Porozumienie Rezydentów przypomina, że od pół roku prowadzi działania na rzecz poprawy warunków pracy i kształcenia specjalizacyjnego.
W ramach akcji "Adoptuj posła" młodzi lekarze spotkali się z ponad 130 parlamentarzystami, przedstawiając im swoje problemy. "Wielu z nich nie zdawało sobie sprawy, że zarabiamy 12-15 zł na godzinę, że musimy wydawać z własnej kieszeni na konieczne kursy, szkolenia, podręczniki, że łamane są wobec nas prawa pracownicze (...), że przy tak niskich pensjach zmuszeni jesteśmy dorabiać w wielu miejscach, co skutkuje permanentnym przemęczeniem" - relacjonują rezydenci.
Lekarze wysyłali także politykom "recepty" ze wskazaniami, jak uzdrowić polską służbę zdrowia i sytuację rezydentów.
Rezydenci wskazują, że obecnie prawie 40 proc. młodych lekarzy rozważa emigrację, a statystycznie lekarze żyją 10 lat krócej niż przeciętni obywatele.

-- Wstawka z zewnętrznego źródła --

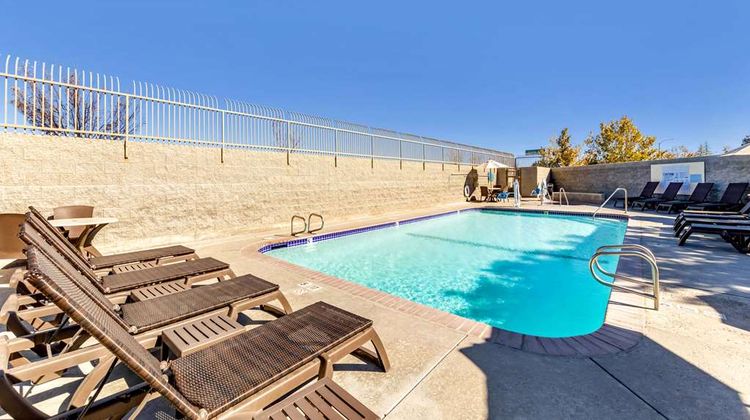 Comfort Inn & Suites Pool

Ponadto wśród lekarzy rośnie problem uzależnień i samobójstw, a wypalenie zawodowe sięga nawet 60 proc. po 10 latach pracy.
Głównym postulatem rezydentów jest wzrost ich wynagrodzenia do dwukrotności średniej krajowej. - Mamy świadomość, że ta dwukrotność średniej (krajowej) może nie nastąpić od razu, ale na pewno zaakceptujemy na początek niższą wartość przy wyznaczeniu jakiejkolwiek drogi dojścia do tego - powiedział przewodniczący Porozumienia Rezydentów Damian Patecki.
"Minister Zdrowia, który sam przez prawie 20 lat przed objęciem urzędu walczył o takie pensje dla lekarzy, dzisiaj odkłada podwyżki dla rezydentów na bliżej nieokreślony czas, przekonując, że potrzebne jest wprowadzenie ustawy i minimalnych płac dla wszystkich pracowników służby zdrowia" - ocenia Porozumienie Rezydentów OZZL. Zaznacza także, że ze strony rządu "nie ma żadnego odzewu, pomimo licznych próśb o spotkanie".
Rezydenci przypominają, że prosili, by przy okazji planowanej zmiany ustawy o zawodzie lekarza i lekarza dentysty mającej przywrócić staż podyplomowy, zmienić przepis określający poziom pensji rezydentów. "Odmówiono nam, tłumacząc się brakiem środków, mimo, że pieniądze na płace dla rezydentów pochodzą w ogromnej większości z funduszu pracy, który ma wielkie nadwyżki przychodów nad wydatkami" - wskazują lekarze.